17 pages, 2829 KiB  
Article
Language Bias in the Google Scholar Ranking Algorithm
by Cristòfol Rovira, Lluís Codina and Carlos Lopezosa
Future Internet 2021, 13(2), 31; https://doi.org/10.3390/fi13020031 - 27 Jan 2021
Cited by 29 | Viewed by 11353
Abstract
The visibility of academic articles or conference papers depends on their being easily found in academic search engines, above all in Google Scholar. To enhance this visibility, search engine optimization (SEO) has been applied in recent years to academic search engines in order [...] Read more.
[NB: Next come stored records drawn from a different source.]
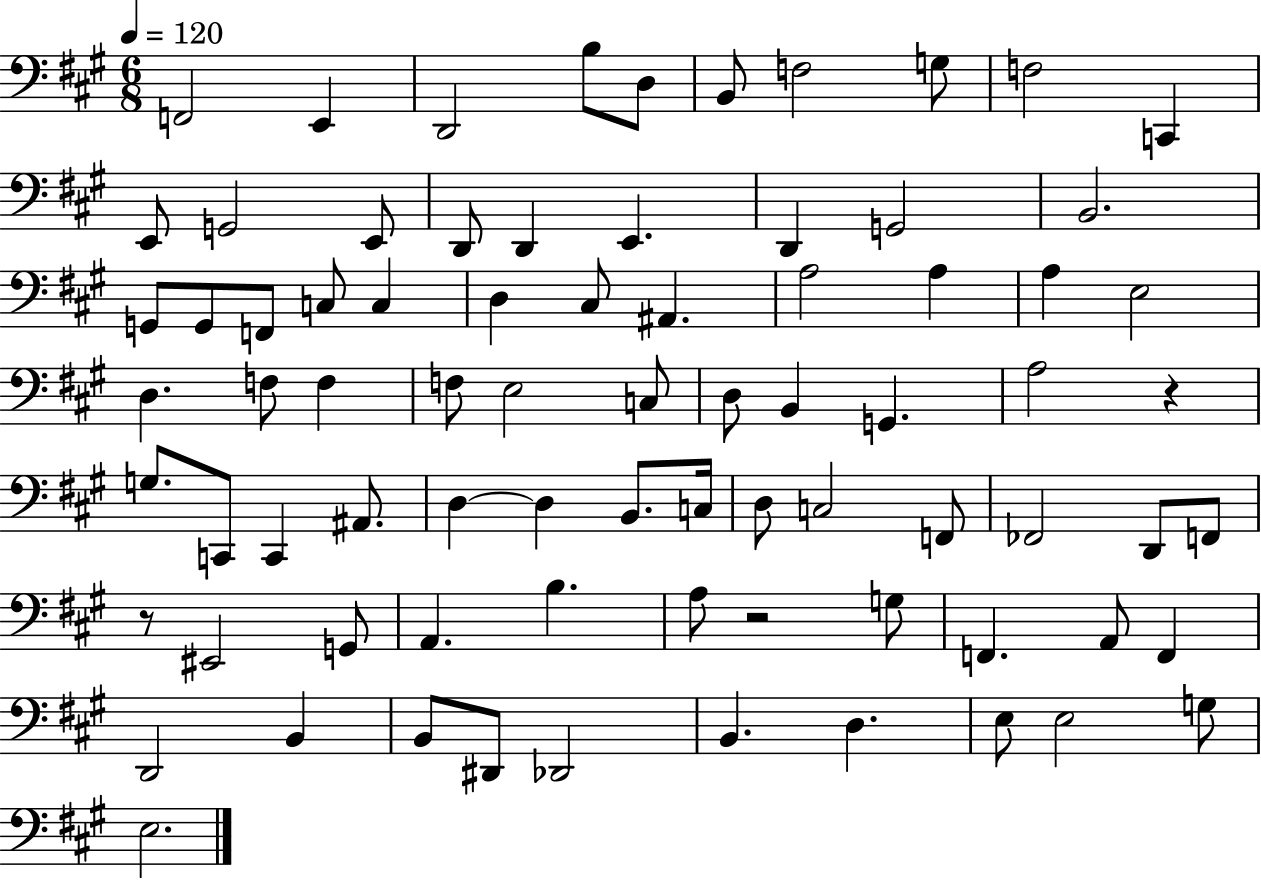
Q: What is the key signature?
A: A major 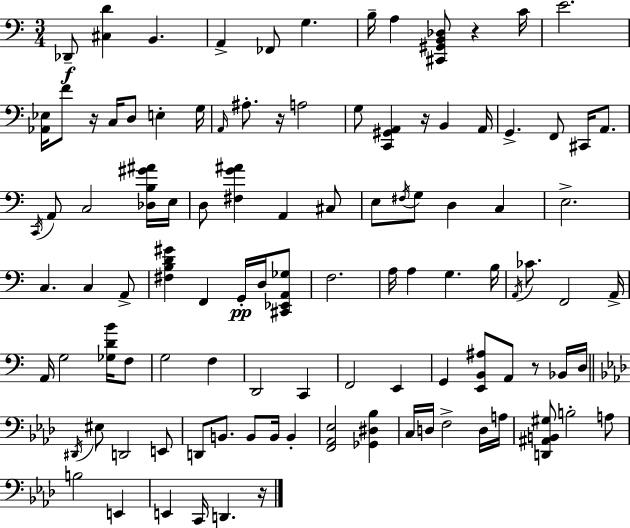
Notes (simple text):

Db2/e [C#3,D4]/q B2/q. A2/q FES2/e G3/q. B3/s A3/q [C#2,G#2,B2,Db3]/e R/q C4/s E4/h. [Ab2,Eb3]/s F4/e R/s C3/s D3/e E3/q G3/s A2/s A#3/e. R/s A3/h G3/e [C2,G#2,A2]/q R/s B2/q A2/s G2/q. F2/e C#2/s A2/e. C2/s A2/e C3/h [Db3,B3,G#4,A#4]/s E3/s D3/e [F#3,G4,A#4]/q A2/q C#3/e E3/e F#3/s G3/e D3/q C3/q E3/h. C3/q. C3/q A2/e [F#3,B3,D4,G#4]/q F2/q G2/s D3/s [C#2,Eb2,A2,Gb3]/e F3/h. A3/s A3/q G3/q. B3/s A2/s CES4/e. F2/h A2/s A2/s G3/h [Gb3,D4,B4]/s F3/e G3/h F3/q D2/h C2/q F2/h E2/q G2/q [E2,B2,A#3]/e A2/e R/e Bb2/s D3/s D#2/s EIS3/e D2/h E2/e D2/e B2/e. B2/e B2/s B2/q [F2,Ab2,Eb3]/h [Gb2,D#3,Bb3]/q C3/s D3/s F3/h D3/s A3/s [D2,A#2,B2,G#3]/e B3/h A3/e B3/h E2/q E2/q C2/s D2/q. R/s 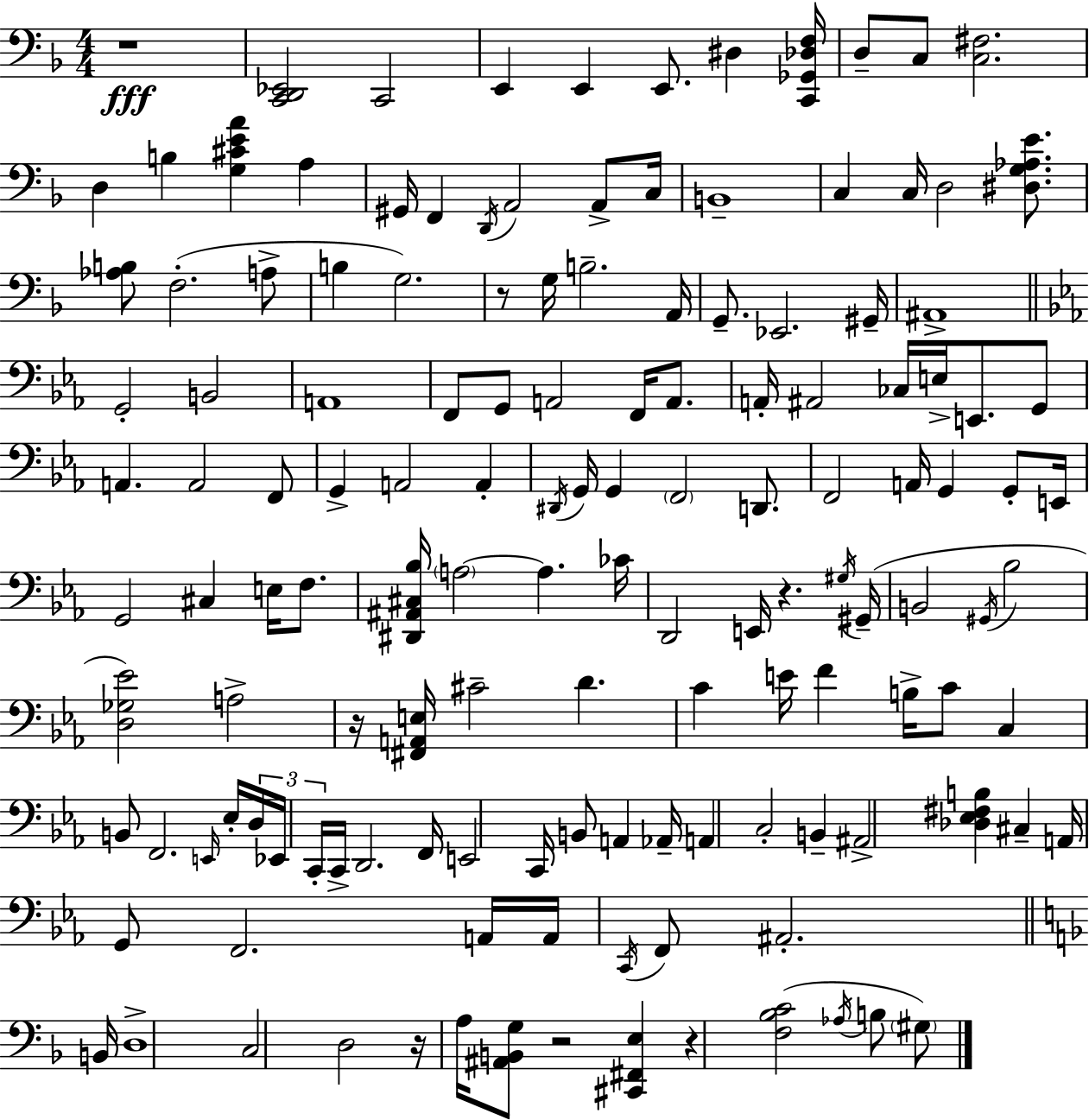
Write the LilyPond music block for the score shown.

{
  \clef bass
  \numericTimeSignature
  \time 4/4
  \key f \major
  r1\fff | <c, d, ees,>2 c,2 | e,4 e,4 e,8. dis4 <c, ges, des f>16 | d8-- c8 <c fis>2. | \break d4 b4 <g cis' e' a'>4 a4 | gis,16 f,4 \acciaccatura { d,16 } a,2 a,8-> | c16 b,1-- | c4 c16 d2 <dis g aes e'>8. | \break <aes b>8 f2.-.( a8-> | b4 g2.) | r8 g16 b2.-- | a,16 g,8.-- ees,2. | \break gis,16-- ais,1-> | \bar "||" \break \key ees \major g,2-. b,2 | a,1 | f,8 g,8 a,2 f,16 a,8. | a,16-. ais,2 ces16 e16-> e,8. g,8 | \break a,4. a,2 f,8 | g,4-> a,2 a,4-. | \acciaccatura { dis,16 } g,16 g,4 \parenthesize f,2 d,8. | f,2 a,16 g,4 g,8-. | \break e,16 g,2 cis4 e16 f8. | <dis, ais, cis bes>16 \parenthesize a2~~ a4. | ces'16 d,2 e,16 r4. | \acciaccatura { gis16 }( gis,16-- b,2 \acciaccatura { gis,16 } bes2 | \break <d ges ees'>2) a2-> | r16 <fis, a, e>16 cis'2-- d'4. | c'4 e'16 f'4 b16-> c'8 c4 | b,8 f,2. | \break \grace { e,16 } ees16-. \tuplet 3/2 { d16 ees,16 c,16-. } c,16-> d,2. | f,16 e,2 c,16 b,8 a,4 | aes,16-- a,4 c2-. | b,4-- ais,2-> <des ees fis b>4 | \break cis4-- a,16 g,8 f,2. | a,16 a,16 \acciaccatura { c,16 } f,8 ais,2.-. | \bar "||" \break \key f \major b,16 d1-> | c2 d2 | r16 a16 <ais, b, g>8 r2 <cis, fis, e>4 | r4 <f bes c'>2( \acciaccatura { aes16 } b8 | \break \parenthesize gis8) \bar "|."
} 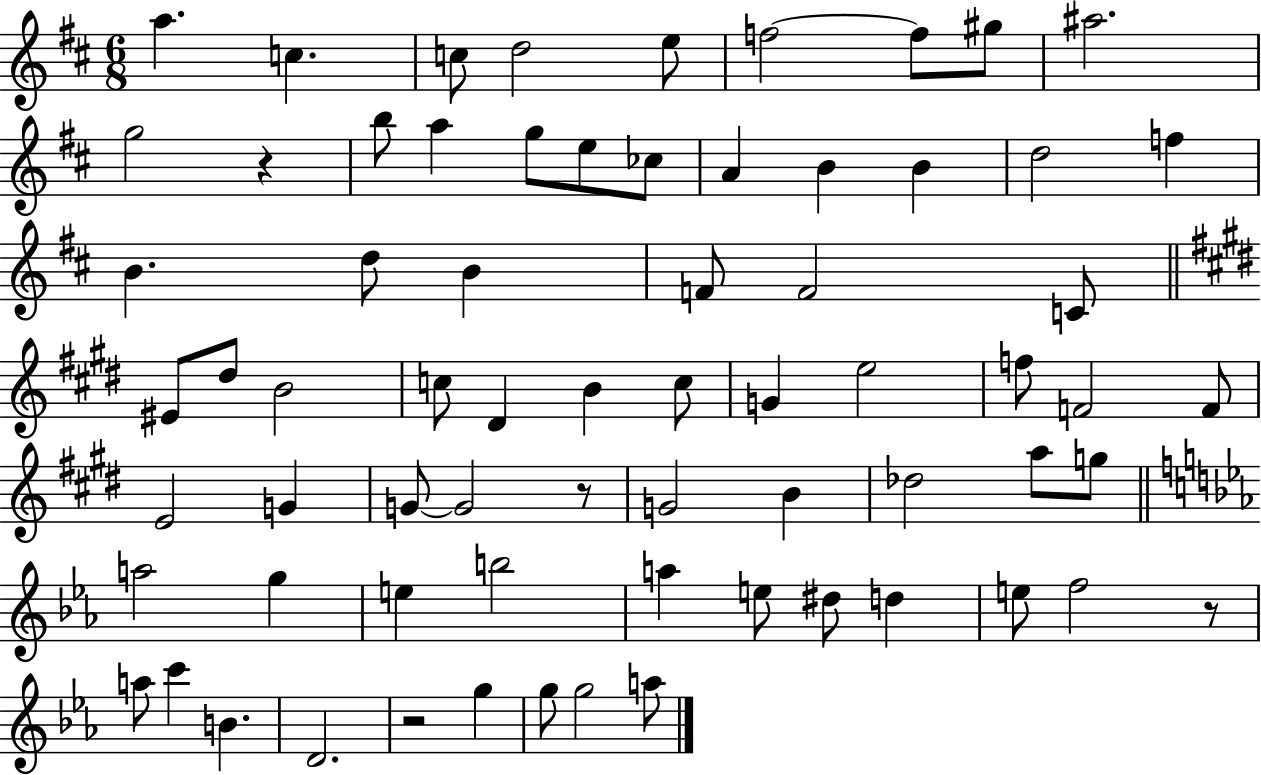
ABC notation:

X:1
T:Untitled
M:6/8
L:1/4
K:D
a c c/2 d2 e/2 f2 f/2 ^g/2 ^a2 g2 z b/2 a g/2 e/2 _c/2 A B B d2 f B d/2 B F/2 F2 C/2 ^E/2 ^d/2 B2 c/2 ^D B c/2 G e2 f/2 F2 F/2 E2 G G/2 G2 z/2 G2 B _d2 a/2 g/2 a2 g e b2 a e/2 ^d/2 d e/2 f2 z/2 a/2 c' B D2 z2 g g/2 g2 a/2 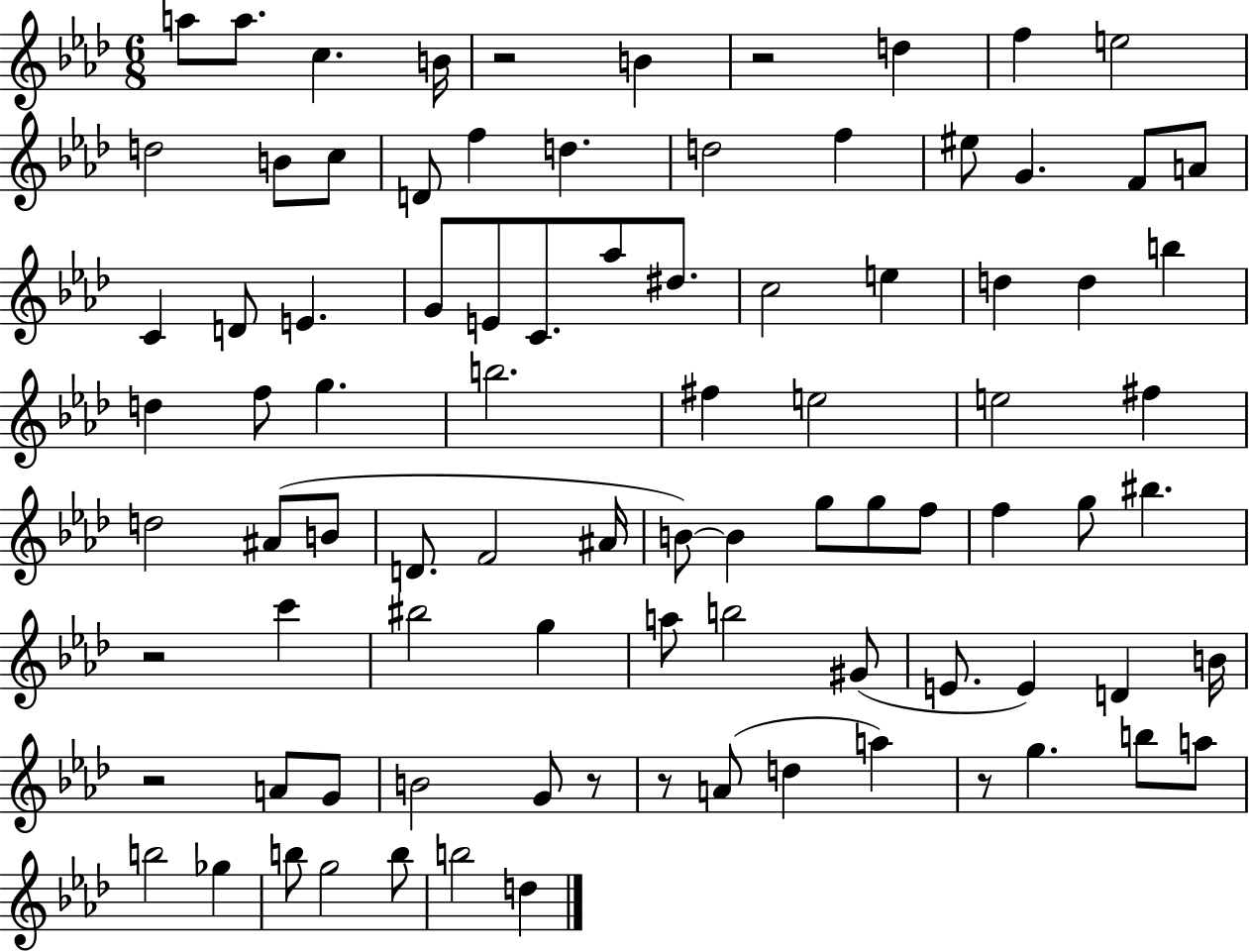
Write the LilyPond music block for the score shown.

{
  \clef treble
  \numericTimeSignature
  \time 6/8
  \key aes \major
  a''8 a''8. c''4. b'16 | r2 b'4 | r2 d''4 | f''4 e''2 | \break d''2 b'8 c''8 | d'8 f''4 d''4. | d''2 f''4 | eis''8 g'4. f'8 a'8 | \break c'4 d'8 e'4. | g'8 e'8 c'8. aes''8 dis''8. | c''2 e''4 | d''4 d''4 b''4 | \break d''4 f''8 g''4. | b''2. | fis''4 e''2 | e''2 fis''4 | \break d''2 ais'8( b'8 | d'8. f'2 ais'16 | b'8~~) b'4 g''8 g''8 f''8 | f''4 g''8 bis''4. | \break r2 c'''4 | bis''2 g''4 | a''8 b''2 gis'8( | e'8. e'4) d'4 b'16 | \break r2 a'8 g'8 | b'2 g'8 r8 | r8 a'8( d''4 a''4) | r8 g''4. b''8 a''8 | \break b''2 ges''4 | b''8 g''2 b''8 | b''2 d''4 | \bar "|."
}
The visibility of academic articles or conference papers depends on their being easily found in academic search engines, above all in Google Scholar. To enhance this visibility, search engine optimization (SEO) has been applied in recent years to academic search engines in order to optimize documents and, thereby, ensure they are better ranked in search pages (i.e., academic search engine optimization or ASEO). To achieve this degree of optimization, we first need to further our understanding of Google Scholar’s relevance ranking algorithm, so that, based on this knowledge, we can highlight or improve those characteristics that academic documents already present and which are taken into account by the algorithm. This study seeks to advance our knowledge in this line of research by determining whether the language in which a document is published is a positioning factor in the Google Scholar relevance ranking algorithm. Here, we employ a reverse engineering research methodology based on a statistical analysis that uses Spearman’s correlation coefficient. The results obtained point to a bias in multilingual searches conducted in Google Scholar with documents published in languages other than in English being systematically relegated to positions that make them virtually invisible. This finding has important repercussions, both for conducting searches and for optimizing positioning in Google Scholar, being especially critical for articles on subjects that are expressed in the same way in English and other languages, the case, for example, of trademarks, chemical compounds, industrial products, acronyms, drugs, diseases, etc. Full article
(This article belongs to the Special Issue The Current State of Search Engines and Search Engine Optimization)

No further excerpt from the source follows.